Lynn Schofield Clark | posted 7/01/2003 12:00AM
As both a longtime youth minister and assistant research professor at the University of Colorado's School of Journalism and Mass Communication, Lynn Schofield Clark is able to present a nuanced look at today's young fans of Buffy the Vampire Slayer and Harry Potter in her new book, From Angels to Aliens: Teenagers, the Media, and the Supernatural (Oxford Univ. Press, 2003). Having interviewed 100 young people and 169 adults, Clark presents a theory of different ways that young people "incorporate, dismiss, play with, reject, and wonder about what they see in the media."
But along with her analysis comes a charge. Clark contends that evangelicals, by warning teens against the allure of the occult and its depiction in the media, end up achieving the opposite—inciting them to experiment with the supernatural. In a recent telephone interview, Christianity Today associate editor Agnieszka Tennant asked Clark about this claim.
You write in your book that teens find it easier to discuss their media interests rather than their own life experiences. What does young people's participation in popular culture tell us about their spirituality?
It tells us that many different myths are competing for young people's attention right now. A lot of people have focused attention on some of the most popular television shows and films, like American Idol, the Survivor series, and Temptation Island because they've gotten a lot of large teenage audiences, as well as some films that feature young people in starring roles that are really all about celebrity and consumption. Those have been called the myths of the Mook and the Midriff. The Mook is the person who is willing to make a fool of himself in front of lots of people to gain fame, and the Midriff is the Britney Spears type person who becomes a sexual object.
As in Jackass and Legally Blonde?
Exactly. But what's interesting to me are the stories that in the fantasy, supernatural, and even the supernatural horror genres, which portray a different picture of teenagers. I'm thinking here of stories like Harry Potter and Buffy the Vampire Slayer. They feature teenagers in central roles who are called by something beyond them to do something bigger than themselves. They do that by joining together with a small group of friends who support their mission.
To me that's a sign that young people are not satisfied with the consumerist myths that they're getting all the time from popular culture. Instead, they're open to spirituality and to other paths that lead them toward deeper meaning in their lives.
When you started the study, you were going to research unchurched teens.

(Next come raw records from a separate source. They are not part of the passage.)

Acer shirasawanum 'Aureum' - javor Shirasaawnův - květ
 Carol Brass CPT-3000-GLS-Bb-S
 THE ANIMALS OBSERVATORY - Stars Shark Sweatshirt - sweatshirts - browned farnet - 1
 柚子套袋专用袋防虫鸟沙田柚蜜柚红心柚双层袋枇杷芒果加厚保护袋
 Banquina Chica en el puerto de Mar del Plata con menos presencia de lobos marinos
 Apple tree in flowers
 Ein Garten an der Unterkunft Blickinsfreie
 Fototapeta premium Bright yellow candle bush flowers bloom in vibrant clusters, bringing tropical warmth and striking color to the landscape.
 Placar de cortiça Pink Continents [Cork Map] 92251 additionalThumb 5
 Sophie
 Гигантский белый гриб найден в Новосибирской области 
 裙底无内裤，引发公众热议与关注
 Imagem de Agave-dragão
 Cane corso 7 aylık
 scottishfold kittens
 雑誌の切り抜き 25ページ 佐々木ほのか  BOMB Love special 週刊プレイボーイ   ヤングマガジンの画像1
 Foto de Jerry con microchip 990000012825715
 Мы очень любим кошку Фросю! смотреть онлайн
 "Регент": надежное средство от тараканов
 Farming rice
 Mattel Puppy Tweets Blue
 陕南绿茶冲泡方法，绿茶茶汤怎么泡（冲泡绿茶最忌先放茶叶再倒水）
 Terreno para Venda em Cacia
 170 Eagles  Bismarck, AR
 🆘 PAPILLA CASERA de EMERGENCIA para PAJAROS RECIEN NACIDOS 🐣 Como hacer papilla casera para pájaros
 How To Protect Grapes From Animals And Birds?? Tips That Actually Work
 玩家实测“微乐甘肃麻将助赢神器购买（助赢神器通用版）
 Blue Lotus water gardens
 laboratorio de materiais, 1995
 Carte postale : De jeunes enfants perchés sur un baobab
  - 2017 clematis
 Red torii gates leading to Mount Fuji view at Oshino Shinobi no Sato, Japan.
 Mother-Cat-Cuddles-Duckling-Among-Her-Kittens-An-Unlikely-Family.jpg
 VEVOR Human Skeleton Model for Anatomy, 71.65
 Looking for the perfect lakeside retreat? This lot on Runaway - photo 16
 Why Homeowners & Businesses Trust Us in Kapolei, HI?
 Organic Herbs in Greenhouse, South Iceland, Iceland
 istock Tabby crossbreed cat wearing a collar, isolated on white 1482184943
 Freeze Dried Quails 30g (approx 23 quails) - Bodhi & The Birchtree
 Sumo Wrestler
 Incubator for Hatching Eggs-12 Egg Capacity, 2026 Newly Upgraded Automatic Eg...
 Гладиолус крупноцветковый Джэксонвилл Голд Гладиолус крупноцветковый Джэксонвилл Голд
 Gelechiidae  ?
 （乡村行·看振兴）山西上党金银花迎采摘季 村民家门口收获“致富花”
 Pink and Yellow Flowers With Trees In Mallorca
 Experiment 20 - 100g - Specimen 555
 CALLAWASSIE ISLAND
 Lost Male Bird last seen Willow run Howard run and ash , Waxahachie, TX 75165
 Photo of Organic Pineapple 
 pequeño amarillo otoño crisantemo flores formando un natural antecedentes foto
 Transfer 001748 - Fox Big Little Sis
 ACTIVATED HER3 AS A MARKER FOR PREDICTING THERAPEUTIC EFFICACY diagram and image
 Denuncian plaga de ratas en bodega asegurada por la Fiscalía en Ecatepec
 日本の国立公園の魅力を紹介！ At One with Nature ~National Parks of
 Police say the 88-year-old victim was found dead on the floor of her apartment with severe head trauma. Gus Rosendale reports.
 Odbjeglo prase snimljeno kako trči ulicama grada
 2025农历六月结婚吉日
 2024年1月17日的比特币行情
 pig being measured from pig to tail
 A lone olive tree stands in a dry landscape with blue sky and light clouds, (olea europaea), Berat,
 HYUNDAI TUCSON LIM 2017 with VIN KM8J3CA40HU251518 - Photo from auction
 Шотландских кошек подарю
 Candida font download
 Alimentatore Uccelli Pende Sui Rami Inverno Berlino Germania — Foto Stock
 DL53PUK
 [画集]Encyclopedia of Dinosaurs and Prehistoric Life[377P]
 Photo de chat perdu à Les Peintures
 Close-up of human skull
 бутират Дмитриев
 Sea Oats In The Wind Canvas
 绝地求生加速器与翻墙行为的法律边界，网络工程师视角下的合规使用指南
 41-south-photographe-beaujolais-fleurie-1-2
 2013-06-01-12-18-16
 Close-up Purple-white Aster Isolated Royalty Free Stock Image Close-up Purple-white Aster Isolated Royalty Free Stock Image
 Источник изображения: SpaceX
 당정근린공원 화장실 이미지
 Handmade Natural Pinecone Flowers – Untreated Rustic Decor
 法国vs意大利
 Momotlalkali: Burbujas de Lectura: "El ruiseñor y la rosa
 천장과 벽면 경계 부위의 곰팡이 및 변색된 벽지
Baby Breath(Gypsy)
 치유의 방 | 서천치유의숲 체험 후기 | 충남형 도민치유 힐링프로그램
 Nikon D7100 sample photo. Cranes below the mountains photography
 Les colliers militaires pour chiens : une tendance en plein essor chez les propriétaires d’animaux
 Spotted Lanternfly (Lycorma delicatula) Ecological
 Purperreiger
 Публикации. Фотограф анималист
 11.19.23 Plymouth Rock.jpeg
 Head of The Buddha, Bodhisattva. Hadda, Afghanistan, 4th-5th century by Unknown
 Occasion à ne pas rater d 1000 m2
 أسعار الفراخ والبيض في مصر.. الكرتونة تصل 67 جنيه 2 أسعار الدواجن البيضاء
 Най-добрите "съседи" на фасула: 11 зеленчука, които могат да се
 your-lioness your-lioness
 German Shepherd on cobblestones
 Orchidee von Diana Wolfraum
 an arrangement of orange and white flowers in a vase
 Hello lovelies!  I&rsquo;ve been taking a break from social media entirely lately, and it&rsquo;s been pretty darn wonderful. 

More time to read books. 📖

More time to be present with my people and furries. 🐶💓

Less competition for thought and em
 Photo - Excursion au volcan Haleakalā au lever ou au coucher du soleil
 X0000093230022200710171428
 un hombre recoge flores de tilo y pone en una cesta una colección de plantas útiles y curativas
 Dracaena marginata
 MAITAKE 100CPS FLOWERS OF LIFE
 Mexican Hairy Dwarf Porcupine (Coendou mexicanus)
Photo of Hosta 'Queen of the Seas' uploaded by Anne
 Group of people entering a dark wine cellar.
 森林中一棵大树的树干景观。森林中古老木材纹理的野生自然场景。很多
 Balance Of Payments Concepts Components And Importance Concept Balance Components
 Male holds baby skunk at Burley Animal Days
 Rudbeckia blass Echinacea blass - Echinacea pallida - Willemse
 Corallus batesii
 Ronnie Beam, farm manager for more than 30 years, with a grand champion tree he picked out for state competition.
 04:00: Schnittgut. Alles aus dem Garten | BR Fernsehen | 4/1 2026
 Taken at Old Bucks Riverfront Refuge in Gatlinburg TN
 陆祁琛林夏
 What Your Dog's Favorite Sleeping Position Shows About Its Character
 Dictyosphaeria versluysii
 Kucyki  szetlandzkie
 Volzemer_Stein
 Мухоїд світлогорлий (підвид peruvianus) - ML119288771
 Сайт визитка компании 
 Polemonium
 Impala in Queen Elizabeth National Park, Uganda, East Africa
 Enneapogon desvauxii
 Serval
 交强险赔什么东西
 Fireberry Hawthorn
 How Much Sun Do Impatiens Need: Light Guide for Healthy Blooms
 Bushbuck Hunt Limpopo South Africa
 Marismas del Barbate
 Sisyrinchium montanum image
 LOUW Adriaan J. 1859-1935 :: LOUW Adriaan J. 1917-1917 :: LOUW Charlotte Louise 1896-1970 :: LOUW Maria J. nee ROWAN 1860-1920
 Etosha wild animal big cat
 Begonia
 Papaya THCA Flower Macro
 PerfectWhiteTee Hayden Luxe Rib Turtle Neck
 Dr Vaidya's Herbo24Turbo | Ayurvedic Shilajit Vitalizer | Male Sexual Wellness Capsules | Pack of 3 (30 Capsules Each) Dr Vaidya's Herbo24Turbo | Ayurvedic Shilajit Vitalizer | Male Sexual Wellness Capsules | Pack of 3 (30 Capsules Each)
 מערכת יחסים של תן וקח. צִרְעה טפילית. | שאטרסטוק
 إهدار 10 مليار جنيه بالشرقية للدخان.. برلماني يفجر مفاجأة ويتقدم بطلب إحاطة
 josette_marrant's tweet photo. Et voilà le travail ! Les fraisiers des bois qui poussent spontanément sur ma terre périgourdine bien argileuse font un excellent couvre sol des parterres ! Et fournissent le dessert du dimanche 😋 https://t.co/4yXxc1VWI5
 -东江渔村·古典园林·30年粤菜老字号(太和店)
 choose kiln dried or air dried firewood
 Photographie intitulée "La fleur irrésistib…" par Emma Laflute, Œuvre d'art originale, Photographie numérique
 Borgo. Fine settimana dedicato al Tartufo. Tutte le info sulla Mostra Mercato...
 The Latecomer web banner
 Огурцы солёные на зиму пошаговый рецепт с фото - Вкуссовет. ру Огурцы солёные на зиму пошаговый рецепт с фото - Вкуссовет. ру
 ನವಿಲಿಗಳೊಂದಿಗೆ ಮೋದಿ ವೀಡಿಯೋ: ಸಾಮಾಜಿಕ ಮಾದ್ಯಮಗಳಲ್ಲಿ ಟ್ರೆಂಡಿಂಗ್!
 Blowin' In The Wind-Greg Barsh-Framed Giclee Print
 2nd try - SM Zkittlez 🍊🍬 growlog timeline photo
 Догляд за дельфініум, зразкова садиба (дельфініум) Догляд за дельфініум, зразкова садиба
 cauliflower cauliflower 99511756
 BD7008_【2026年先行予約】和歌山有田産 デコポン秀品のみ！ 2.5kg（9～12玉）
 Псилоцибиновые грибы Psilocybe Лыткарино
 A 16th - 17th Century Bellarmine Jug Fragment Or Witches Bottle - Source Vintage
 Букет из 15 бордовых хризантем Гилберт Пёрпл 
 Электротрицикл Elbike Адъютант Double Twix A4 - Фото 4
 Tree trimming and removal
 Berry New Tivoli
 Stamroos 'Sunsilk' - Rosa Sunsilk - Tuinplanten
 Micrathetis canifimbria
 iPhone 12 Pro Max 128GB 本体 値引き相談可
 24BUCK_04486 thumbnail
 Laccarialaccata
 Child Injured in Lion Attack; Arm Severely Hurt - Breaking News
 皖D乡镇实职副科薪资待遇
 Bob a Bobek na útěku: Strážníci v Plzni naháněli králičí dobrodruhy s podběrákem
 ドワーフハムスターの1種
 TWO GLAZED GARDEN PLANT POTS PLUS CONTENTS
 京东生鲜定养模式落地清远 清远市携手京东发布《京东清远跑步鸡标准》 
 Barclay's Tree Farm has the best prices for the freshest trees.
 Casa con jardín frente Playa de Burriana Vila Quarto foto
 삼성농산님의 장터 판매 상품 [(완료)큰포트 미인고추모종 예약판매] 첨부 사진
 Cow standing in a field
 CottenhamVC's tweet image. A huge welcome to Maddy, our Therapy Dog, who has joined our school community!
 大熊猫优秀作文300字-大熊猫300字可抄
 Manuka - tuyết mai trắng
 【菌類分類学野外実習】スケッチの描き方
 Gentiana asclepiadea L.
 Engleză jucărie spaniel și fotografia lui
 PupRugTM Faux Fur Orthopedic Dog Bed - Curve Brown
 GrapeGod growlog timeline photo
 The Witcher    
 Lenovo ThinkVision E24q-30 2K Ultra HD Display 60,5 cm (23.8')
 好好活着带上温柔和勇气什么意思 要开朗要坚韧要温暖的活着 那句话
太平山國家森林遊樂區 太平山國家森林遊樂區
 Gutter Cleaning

But then evangelicalism became a significant part of the picture. Why?
Even when I was trying to construct a study where I was avoiding evangelicalism—because I thought enough studies of evangelicals have already been done—I kept running into it at every turn. Some of the most interesting cases to me were the cases of young people who came from very little religious backgrounds. When I asked them about their beliefs and their experiences with the supernatural, they often used the language common to evangelicals—language such as angels and demons, and how bad behavior is punished. They said we should be on our best behavior because that's something that is honorable to God. I think evangelicalism has defined the way that we think about religion in the U.S.